Die Zeitungen der MEDIENGRUPPE BAYERN bezweifeln, dass Riad die Kernenergie ausschließlich zur zivilen Nutzung ausbauen will: "Wenn Saudi-Arabien argumentiert, aus Sorge um seine Energiesicherheit ein Atomprogramm zu benötigen, ist das in etwa so, als würde die Schweiz händeringend nach Käse-Bezugsquellen suchen. Es gibt wohl kaum Länder, die ähnlich energieautark sind, wie der Golfstaat – auf fossiler Basis zugegeben. Den Ausbau der aktuell fast nicht existenten Erneuerbaren hat sich Saudi-Arabien zwar tatsächlich auf die Fahnen geschrieben – nur ließe sich der naheliegenderweise viel besser und günstiger mit Solarenergie realisieren. Die Doppelagenda liegt also offen zutage: die Saudis streben nicht nach Energie, sondern Atom-Technologie", notiert die MEDIENGRUPPE BAYERN.

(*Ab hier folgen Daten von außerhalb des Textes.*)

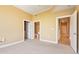 Bedroom showcasing attached bath and hallway entry, creating a seamless transition at 3445 Stratford Ne Rd # 2703, Atlanta, GA 30326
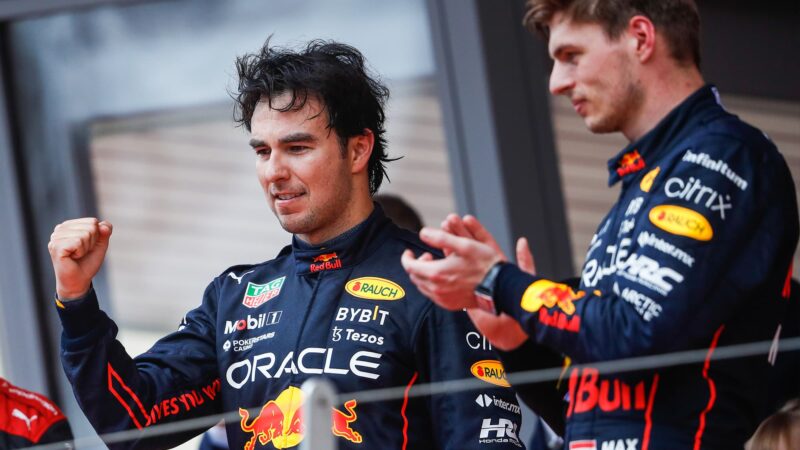 Sergio Perez pumps his fist on the podium nbext to Max Verstappen at the 2022 Monaco Grand Prix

Der REUTLINGER GENERAL-ANZEIGER überlegt, was sich der US-Präsident von dem Abkommen verspricht: "Durch das Atomabkommen mit Saudi-Arabien gewinnt er einen mächtigen Verbündeten in der Region, der diese wohl sehr deutlich dominieren wird. Trump könnte darauf setzen, dass sich die Saudis in den Irankrieg einmischen. Diese könnten beispielsweise Bodentruppen bereitstellen. Ein Einsatz, der für den Gewinn des Krieges nötig ist, den Trump für US-Soldaten aber unbedingt vermeiden will. Neben dem Risiko eines neuen Atomwettlaufs sind die Konsequenzen dieses unerwarteten Deals für Europa und den Rest der Welt nicht abzusehen", warnt der REUTLINGER GENERAL-ANZEIGER, und damit endet die Presseschau.